I first encountered this recipe during an episode of Ricardo and Friends, where Ricardo made a Greek themed menu that began with red lentil soup. Wanting to incorporate more legumes into our diet I thought perfect, healthy legumes and my husband won’t even know he’s eating them, as the soup gets pureed at the end. I tweaked the recipe a bit by adding some diced, hot chorizo to render down with the onions and other aromatics. This addition added a wonderful smokiness and some heat as well. For extra flavour, I also added the rind from a hunk of parmigianno reggiano. Note to all of those who buy the good stuff: buy your parmigianno reggiano in whole wedges, grate at home when you need it (because it just tastes better that way) and save the rind that you thought was a waste of money, because you know what? It’s not! Save it and drop it into your hearty soups, stews and sauces for incredible flavour and richness!
My next moment of inspiration came from Laura Calder and one of her recipes from her show French Food at Home. In her recipe, she browns thin slices of chorizo in olive oil until they’re lovely, crispy chewy chips. Plop these little jewels on your liquid bowl of pleasure, drizzle with some fruity olive oil and if you like -which I like, very much – a sprinkle of red wine vinegar, and voila, a cure for the winter blues!
Red Lentil and Chorizo Soup
Adapted from “Lentil Vegetable Soup” by Ricardo Larrivee, Ricardo and Friends “Cream of Lentil Soup” by Laura Calder, French Food at Home.
You don’t have to puree this soup. In fact, if you prefer a chunkier, stew-like consistency serve it in its pre blender state. For a vegetarian option substitute the chorizo for about a teaspoon of smoked paprika (smoked paprika comes in hot or mild; to emulate this dish use hot since I used hot chorizo) and vegetable stock instead of chicken stock.
Serves 4 as a meal, 6 as a starter
½ Hot chorizo, half diced and the other sliced (reserve this half for later)
2-3 cloves of whole garlic, crushed
1 large onion, diced
2 stalks of celery, diced
2 medium carrots, diced
2 medium potatoes, cubed
½ can of whole tomatoes and their liquid, chopped
4 cups chicken stock
¾ cup of red lentils
Parmigiano Reggiano rind
2 sprigs of thyme, 2 sprigs of parsley, 1 bay leaf, 5-7 peppercorns
Red wine vinegar (optional)
In a large stock pot, heat a few glugs of olive oil, add the crushed garlic. When fragrant, add the diced chorizo. When browned, add the onions. Sauté onions and chorizo until onions are translucent. Add celery, carrots and potatoes and a good pinch of salt. Cook for 5 minutes.
Using your hands, break down the tomatoes into smaller pieces. Add the tomatoes and chicken stock to the pot. Bring to a boil. Once the soup comes to a boil, turn the burner down to medium and simmer for 20 minutes. Add the lentils and simmer for another 10 minutes.
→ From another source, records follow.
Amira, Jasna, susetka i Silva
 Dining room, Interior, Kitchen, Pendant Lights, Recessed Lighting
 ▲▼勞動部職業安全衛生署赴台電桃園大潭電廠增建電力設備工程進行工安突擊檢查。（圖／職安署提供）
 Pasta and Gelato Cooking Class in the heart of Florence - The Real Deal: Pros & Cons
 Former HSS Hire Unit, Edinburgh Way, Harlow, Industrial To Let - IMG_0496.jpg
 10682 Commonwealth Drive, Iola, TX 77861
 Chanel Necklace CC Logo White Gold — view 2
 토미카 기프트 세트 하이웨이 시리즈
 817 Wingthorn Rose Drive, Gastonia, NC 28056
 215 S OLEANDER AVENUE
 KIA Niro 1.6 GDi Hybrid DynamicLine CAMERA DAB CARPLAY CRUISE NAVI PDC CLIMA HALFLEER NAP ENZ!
When vegetables are tender, remove the rind and herbs and blend using an emersion blender or regular blender (if using a regular blender, allow the soup too cool and blend the soup in batches).
Reheat the soup, adjust seasonings and add more chicken stock, if too thick. For a bit of a tang, add a couple of splashes of red wine vinegar.
In a sauté pan, heat a bit olive oil. Slice the chorizo thinly and brown in the pan. Drain the sausage on paper towels.
Ladle the soup into bowls, top with chorizo crisps and a swirl of GOOD olive oil.